What I did was the following:
F=k|q1*q2|/r^2
F=8.99e9(1.602e-19*1.602e-19)/(2.8e-10)^2
F= 2.94e-9 N
But that's not the answer. Can someone please tell me what I'm doing wrong.
I don't see anything wrong with it.
To calculate the electrostatic force between the sodium ion (Na+) and the chloride ion (Cl-), you correctly applied Coulomb's law, which states that the force between two charged particles is proportional to the product of their charges divided by the square of the distance between them.
However, there is a mistake in the calculation. Let's go through the correct steps:
1. Use the value of the proportionality constant, k, which is approximately 8.99 x 10^9 N m^2/C^2. This constant relates the force to the units of charge and distance in the equation.
2. The charges of Na+ and Cl- ions are +1 and -1, respectively. In the equation, q1 and q2 should be the magnitudes of the charges, so they become 1.602 x 10^-19 C for each ion.
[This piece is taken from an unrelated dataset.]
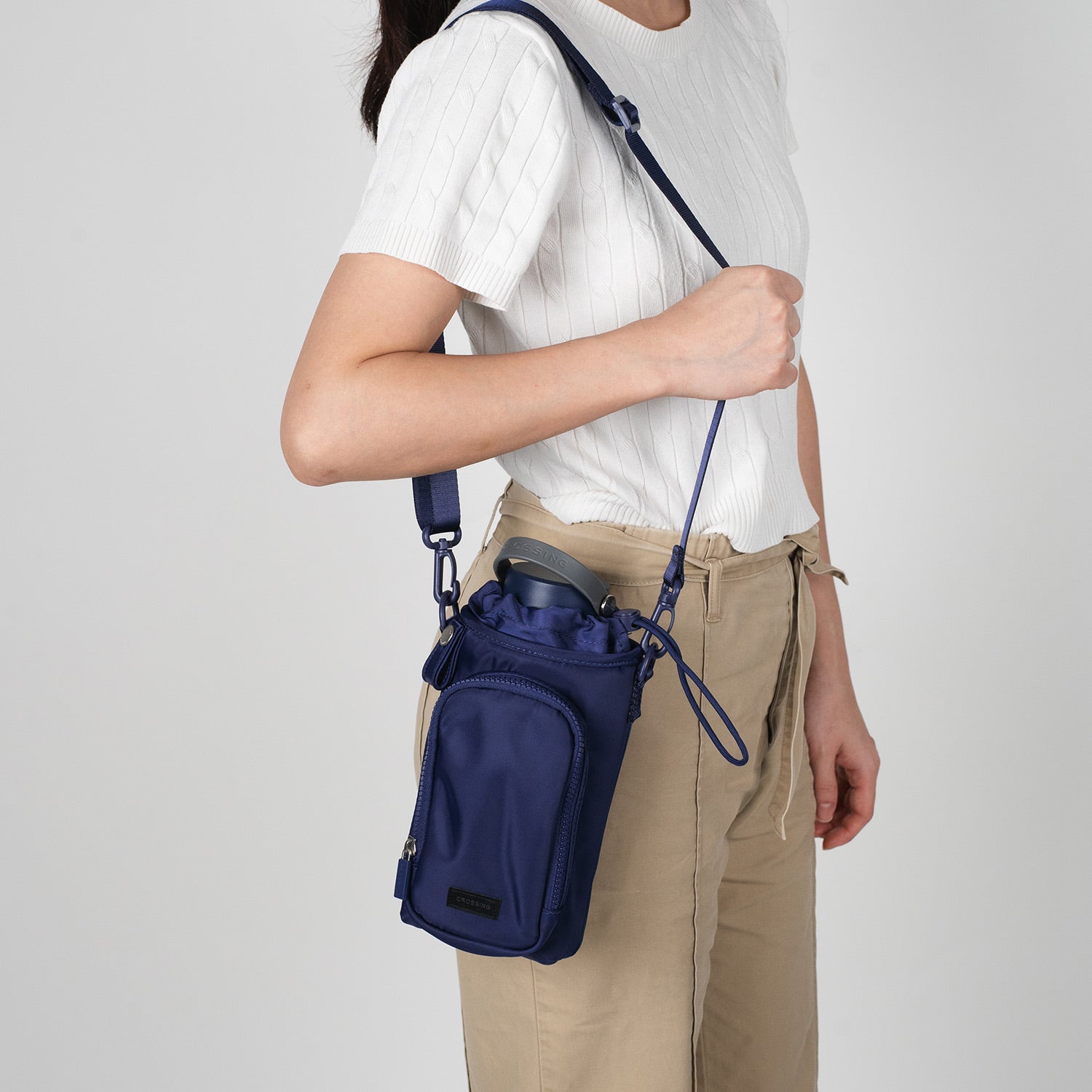 Crossing Water Bottle Crossbody Bag With  Front Pocket 2L - Dark Blue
3. The distance between the ions, r, is given as 0.28 nm, which is 2.8 x 10^-10 m.
Now let's recalculate the electrostatic force:
F = (8.99 x 10^9 N m^2/C^2) * |(1.602 x 10^-19 C) * (1.602 x 10^-19 C)| / (2.8 x 10^-10 m)^2
F = (8.99 x 10^9 N m^2/C^2) * (2.573 x 10^-38 C^2) / (7.84 x 10^-20 m^2)
F ≈ 2.934 x 10^-9 N
So, the correct electrostatic force between the sodium ion and the chloride ion is approximately 2.934 x 10^-9 N.